## [WHAT THE TASK ASKS]
Starting at the line containing "Frontier Airlines Airbus" and ending at the line containing "Лучше сидите дома: начался", print every line of the material below exactly, both ends included, and stop there.

## [SUPPLIED MATERIAL]

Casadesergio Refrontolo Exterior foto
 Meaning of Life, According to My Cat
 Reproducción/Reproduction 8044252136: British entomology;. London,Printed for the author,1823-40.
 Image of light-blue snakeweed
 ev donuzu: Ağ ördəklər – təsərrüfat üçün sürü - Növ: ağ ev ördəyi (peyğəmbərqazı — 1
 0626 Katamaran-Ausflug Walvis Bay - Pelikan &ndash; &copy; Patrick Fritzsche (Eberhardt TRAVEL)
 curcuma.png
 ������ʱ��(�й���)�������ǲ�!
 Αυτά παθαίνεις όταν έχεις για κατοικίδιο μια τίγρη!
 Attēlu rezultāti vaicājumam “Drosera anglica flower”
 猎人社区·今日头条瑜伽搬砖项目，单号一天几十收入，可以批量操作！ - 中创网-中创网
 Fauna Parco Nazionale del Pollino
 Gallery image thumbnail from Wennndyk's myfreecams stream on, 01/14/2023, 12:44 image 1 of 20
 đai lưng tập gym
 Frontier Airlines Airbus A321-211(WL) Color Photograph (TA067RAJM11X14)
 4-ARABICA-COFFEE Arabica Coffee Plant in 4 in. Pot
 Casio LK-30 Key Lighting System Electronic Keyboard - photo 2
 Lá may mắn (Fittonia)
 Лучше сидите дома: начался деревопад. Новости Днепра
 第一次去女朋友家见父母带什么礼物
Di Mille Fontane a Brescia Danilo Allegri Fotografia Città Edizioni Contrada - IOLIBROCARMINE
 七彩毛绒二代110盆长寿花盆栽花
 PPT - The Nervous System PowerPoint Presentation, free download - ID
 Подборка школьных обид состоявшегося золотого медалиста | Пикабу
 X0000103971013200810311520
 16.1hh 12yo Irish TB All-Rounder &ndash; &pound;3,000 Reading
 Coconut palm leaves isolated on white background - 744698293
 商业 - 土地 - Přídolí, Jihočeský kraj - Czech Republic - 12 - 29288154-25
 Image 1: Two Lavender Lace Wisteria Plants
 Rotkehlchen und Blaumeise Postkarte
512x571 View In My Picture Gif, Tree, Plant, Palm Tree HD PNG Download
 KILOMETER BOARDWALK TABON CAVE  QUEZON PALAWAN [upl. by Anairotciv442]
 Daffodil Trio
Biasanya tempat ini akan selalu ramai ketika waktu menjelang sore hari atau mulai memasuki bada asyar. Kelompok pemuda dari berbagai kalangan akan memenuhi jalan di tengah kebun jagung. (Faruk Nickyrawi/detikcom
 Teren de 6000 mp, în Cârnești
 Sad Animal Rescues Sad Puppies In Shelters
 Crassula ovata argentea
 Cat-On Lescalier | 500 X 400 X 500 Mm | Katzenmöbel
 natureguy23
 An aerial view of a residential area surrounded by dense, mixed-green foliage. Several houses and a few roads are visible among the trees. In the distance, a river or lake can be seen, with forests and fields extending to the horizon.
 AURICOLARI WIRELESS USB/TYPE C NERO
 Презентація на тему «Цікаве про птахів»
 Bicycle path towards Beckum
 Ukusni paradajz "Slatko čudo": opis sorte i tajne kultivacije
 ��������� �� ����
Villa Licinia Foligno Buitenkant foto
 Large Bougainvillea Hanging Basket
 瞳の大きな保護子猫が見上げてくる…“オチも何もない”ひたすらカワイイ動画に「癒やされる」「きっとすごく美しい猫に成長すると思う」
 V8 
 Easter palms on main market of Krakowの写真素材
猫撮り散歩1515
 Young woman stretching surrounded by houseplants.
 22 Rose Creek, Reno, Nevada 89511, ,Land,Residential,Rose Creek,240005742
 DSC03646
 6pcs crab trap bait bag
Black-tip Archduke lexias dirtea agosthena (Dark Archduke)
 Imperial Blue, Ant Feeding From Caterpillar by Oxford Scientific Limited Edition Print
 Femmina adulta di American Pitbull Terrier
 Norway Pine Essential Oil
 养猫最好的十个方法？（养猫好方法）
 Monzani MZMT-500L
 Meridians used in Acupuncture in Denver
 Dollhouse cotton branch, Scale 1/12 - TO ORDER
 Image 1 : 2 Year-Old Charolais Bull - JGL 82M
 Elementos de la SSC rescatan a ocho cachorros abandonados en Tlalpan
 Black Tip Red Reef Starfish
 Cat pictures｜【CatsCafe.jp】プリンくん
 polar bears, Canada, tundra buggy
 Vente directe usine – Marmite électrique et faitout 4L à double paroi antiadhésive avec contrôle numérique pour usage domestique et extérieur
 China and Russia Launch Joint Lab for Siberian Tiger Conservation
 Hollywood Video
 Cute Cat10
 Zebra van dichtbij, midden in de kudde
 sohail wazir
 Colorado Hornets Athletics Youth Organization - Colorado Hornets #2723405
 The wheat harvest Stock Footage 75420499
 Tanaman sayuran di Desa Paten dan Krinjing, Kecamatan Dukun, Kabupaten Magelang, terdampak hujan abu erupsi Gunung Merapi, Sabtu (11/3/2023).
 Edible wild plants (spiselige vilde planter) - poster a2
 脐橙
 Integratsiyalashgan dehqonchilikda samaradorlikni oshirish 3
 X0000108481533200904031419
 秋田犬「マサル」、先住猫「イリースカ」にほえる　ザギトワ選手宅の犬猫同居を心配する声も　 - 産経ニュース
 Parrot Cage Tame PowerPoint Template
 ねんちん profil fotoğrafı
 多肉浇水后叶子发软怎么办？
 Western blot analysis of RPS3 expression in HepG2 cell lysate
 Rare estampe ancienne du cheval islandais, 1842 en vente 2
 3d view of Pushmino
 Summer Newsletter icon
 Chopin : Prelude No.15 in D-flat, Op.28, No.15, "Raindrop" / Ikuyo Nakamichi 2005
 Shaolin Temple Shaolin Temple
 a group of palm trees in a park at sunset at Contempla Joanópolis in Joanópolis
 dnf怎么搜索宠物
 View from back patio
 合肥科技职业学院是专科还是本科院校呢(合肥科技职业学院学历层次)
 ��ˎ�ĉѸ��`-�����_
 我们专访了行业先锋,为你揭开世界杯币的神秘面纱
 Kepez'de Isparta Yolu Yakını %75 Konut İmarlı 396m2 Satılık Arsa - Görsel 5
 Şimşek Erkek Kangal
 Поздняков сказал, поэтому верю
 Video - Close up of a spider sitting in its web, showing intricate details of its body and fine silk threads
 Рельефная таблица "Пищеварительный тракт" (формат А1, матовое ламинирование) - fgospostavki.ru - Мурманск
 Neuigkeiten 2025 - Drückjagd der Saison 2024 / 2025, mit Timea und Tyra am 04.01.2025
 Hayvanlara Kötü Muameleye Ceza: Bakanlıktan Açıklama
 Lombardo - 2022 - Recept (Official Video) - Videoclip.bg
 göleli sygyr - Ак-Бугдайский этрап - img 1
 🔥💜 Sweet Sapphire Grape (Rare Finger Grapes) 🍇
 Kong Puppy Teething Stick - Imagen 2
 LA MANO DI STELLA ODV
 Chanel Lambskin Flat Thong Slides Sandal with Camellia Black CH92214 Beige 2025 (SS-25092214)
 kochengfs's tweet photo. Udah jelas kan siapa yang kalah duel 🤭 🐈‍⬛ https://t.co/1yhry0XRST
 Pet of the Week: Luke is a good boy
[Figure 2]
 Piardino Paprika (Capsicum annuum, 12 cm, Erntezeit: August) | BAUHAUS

## [SOLUTION FOR THIS TASK]
 Frontier Airlines Airbus A321-211(WL) Color Photograph (TA067RAJM11X14)
 4-ARABICA-COFFEE Arabica Coffee Plant in 4 in. Pot
 Casio LK-30 Key Lighting System Electronic Keyboard - photo 2
 Lá may mắn (Fittonia)
 Лучше сидите дома: начался деревопад. Новости Днепра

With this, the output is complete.